Work task –
Your answer must consist of exactly the lines below, starting with the line with "I PUT A SPELL" and going on through the line with "Mica Decorations Beerenzweig", and nothing else.
━━━━━ Available data
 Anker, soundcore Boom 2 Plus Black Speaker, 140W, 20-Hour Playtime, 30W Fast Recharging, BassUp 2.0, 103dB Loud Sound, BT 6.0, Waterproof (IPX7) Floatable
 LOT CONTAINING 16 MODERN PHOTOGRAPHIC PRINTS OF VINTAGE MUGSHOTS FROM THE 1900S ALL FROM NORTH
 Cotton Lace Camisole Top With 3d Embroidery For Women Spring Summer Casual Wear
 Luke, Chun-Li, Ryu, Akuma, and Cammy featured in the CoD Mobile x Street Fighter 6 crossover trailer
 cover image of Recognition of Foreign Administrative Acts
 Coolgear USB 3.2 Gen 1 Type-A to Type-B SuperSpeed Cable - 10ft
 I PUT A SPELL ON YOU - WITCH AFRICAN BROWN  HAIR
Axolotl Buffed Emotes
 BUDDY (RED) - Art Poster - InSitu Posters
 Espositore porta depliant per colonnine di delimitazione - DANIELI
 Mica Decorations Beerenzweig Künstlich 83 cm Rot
━━━━━━━━━━
━━━━━ Available data
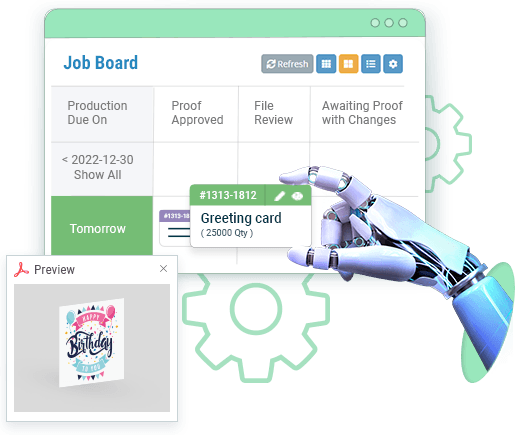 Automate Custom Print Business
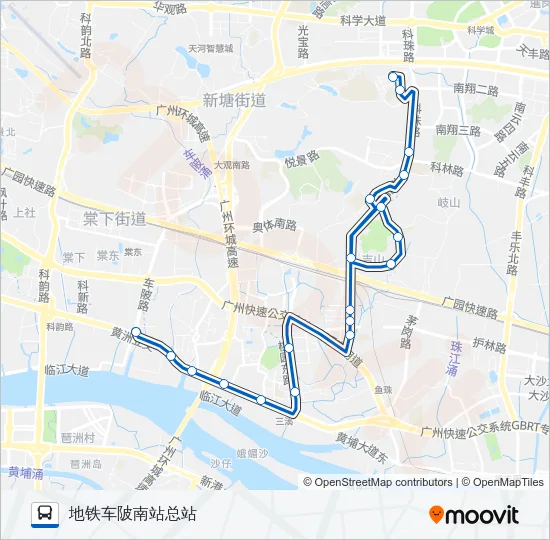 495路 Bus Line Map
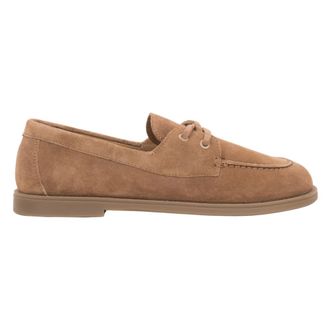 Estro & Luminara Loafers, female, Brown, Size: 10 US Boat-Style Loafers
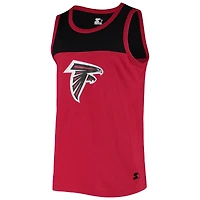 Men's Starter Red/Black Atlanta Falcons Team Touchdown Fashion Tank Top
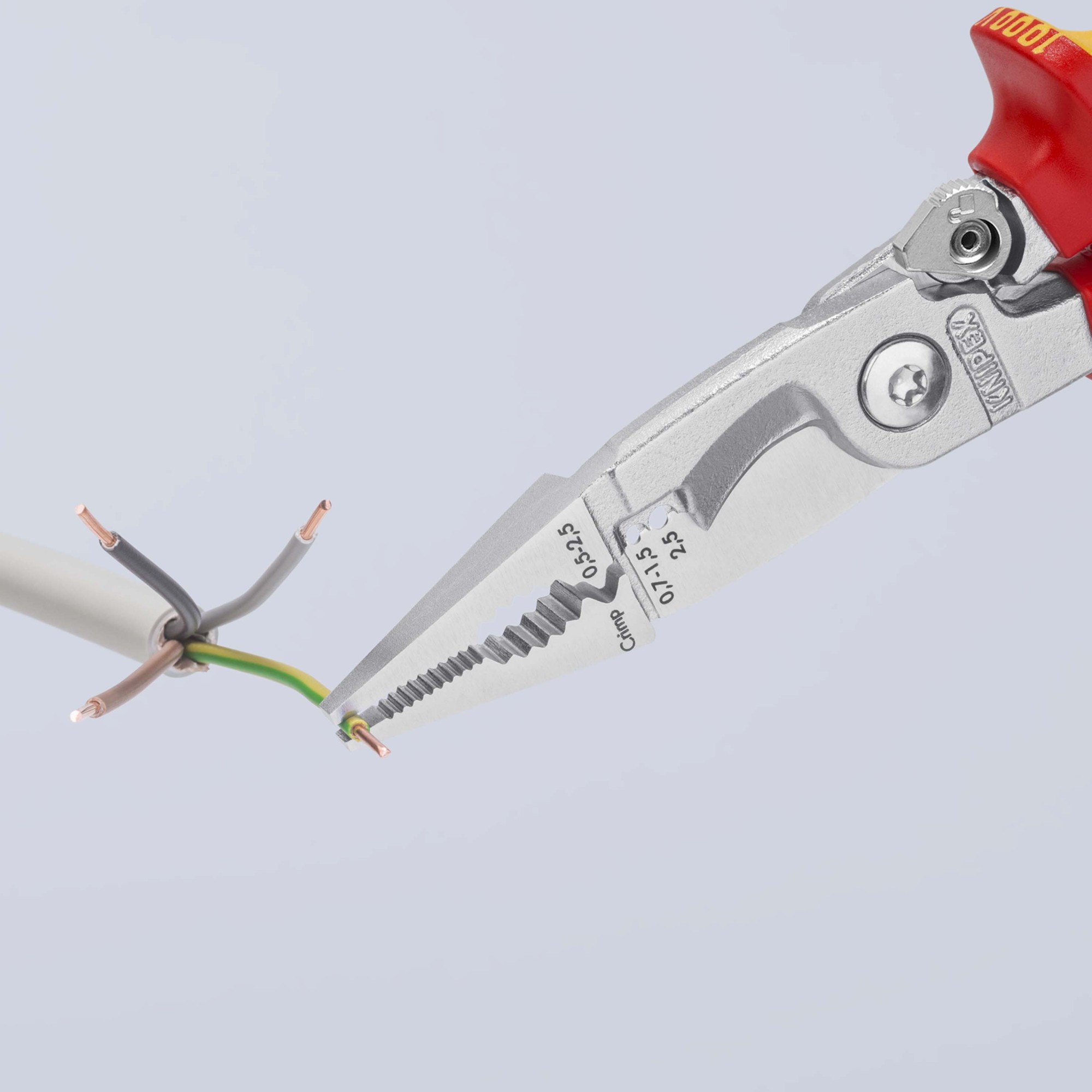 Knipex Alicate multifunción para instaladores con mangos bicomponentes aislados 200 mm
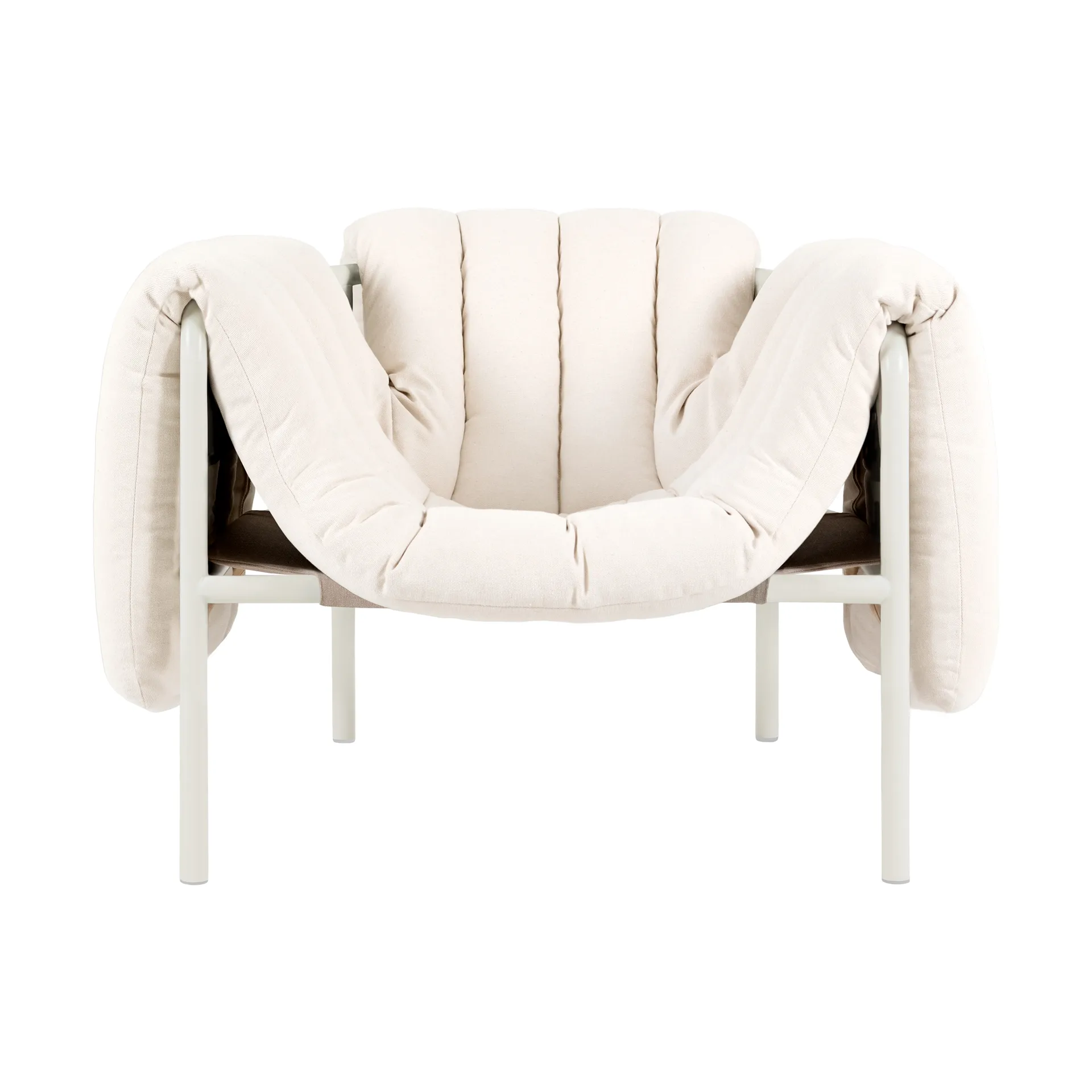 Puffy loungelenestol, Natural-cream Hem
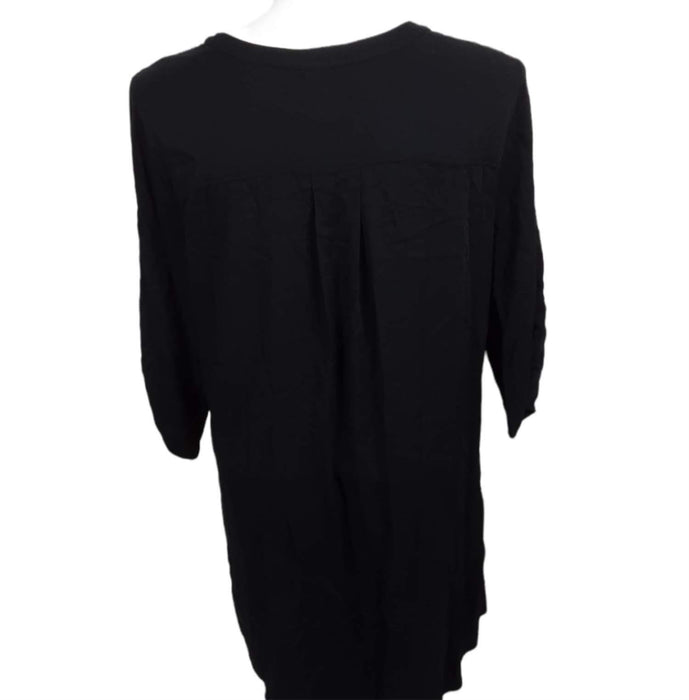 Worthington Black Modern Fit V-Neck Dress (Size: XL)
━━━━━━━━━━
Task answer –
 I PUT A SPELL ON YOU - WITCH AFRICAN BROWN  HAIR
Axolotl Buffed Emotes
 BUDDY (RED) - Art Poster - InSitu Posters
 Espositore porta depliant per colonnine di delimitazione - DANIELI
 Mica Decorations Beerenzweig Künstlich 83 cm Rot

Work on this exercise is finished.